=== Data provided ===
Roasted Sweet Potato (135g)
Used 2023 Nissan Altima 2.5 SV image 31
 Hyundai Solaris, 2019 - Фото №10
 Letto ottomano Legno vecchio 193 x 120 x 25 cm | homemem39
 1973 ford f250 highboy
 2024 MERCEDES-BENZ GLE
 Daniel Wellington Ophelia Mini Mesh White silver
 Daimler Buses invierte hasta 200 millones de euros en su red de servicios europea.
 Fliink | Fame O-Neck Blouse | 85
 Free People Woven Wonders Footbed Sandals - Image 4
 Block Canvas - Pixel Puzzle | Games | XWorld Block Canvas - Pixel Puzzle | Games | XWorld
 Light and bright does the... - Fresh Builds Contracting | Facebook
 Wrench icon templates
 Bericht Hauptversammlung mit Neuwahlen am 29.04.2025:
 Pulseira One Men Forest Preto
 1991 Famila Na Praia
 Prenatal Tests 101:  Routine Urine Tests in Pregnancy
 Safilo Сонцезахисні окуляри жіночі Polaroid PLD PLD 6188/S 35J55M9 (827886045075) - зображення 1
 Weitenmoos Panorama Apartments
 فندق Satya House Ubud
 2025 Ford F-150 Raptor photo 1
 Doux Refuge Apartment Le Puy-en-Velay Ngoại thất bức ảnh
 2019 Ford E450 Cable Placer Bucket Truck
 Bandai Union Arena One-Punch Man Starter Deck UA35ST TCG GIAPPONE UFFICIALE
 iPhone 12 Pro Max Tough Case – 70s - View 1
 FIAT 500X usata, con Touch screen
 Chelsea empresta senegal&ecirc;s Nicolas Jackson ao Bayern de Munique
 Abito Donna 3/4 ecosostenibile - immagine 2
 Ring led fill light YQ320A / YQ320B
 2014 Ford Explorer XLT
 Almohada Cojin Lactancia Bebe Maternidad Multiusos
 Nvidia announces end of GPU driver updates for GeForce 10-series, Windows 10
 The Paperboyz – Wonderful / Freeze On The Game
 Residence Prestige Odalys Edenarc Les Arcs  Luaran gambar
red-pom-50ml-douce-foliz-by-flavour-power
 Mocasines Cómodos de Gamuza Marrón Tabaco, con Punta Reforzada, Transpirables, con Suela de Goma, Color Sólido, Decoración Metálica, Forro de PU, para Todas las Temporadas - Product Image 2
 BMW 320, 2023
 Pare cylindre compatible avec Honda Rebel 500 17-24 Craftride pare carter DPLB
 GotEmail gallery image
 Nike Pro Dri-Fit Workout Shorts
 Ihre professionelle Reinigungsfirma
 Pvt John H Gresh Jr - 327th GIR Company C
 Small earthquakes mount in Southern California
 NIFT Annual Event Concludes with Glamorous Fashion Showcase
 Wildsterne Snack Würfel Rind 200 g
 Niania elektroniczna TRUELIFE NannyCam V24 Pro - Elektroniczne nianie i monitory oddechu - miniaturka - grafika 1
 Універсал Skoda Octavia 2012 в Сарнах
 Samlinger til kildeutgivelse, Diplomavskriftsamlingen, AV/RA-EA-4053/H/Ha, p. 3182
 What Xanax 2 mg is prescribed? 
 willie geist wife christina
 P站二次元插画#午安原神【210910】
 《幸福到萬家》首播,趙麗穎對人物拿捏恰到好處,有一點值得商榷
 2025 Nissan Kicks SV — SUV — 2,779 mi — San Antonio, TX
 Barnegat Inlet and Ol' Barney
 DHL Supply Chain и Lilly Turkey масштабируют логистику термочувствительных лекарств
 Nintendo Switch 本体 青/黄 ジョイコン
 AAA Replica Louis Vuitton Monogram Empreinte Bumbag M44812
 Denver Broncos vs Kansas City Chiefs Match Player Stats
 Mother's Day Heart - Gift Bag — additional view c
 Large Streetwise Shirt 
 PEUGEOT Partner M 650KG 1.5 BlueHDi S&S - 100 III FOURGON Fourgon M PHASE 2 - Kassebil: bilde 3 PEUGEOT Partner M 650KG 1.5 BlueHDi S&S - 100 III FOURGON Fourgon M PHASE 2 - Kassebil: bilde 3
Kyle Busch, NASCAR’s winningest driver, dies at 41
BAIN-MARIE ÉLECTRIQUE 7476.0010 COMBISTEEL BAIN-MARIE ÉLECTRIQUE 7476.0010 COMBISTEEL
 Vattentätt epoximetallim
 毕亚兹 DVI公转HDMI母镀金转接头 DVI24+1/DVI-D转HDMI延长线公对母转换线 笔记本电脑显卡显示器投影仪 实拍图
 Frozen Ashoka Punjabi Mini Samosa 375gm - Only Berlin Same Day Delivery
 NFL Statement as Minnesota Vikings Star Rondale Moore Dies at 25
===
§ **How to complete this task**
Copy out the range of lines above starting at the line with "Bericht Hauptversammlung mit" and ending at the line with "Ring led fill light YQ320A / YQ320B", exactly and including both.

§ **Answer section**
 Bericht Hauptversammlung mit Neuwahlen am 29.04.2025:
 Pulseira One Men Forest Preto
 1991 Famila Na Praia
 Prenatal Tests 101:  Routine Urine Tests in Pregnancy
 Safilo Сонцезахисні окуляри жіночі Polaroid PLD PLD 6188/S 35J55M9 (827886045075) - зображення 1
 Weitenmoos Panorama Apartments
 فندق Satya House Ubud
 2025 Ford F-150 Raptor photo 1
 Doux Refuge Apartment Le Puy-en-Velay Ngoại thất bức ảnh
 2019 Ford E450 Cable Placer Bucket Truck
 Bandai Union Arena One-Punch Man Starter Deck UA35ST TCG GIAPPONE UFFICIALE
 iPhone 12 Pro Max Tough Case – 70s - View 1
 FIAT 500X usata, con Touch screen
 Chelsea empresta senegal&ecirc;s Nicolas Jackson ao Bayern de Munique
 Abito Donna 3/4 ecosostenibile - immagine 2
 Ring led fill light YQ320A / YQ320B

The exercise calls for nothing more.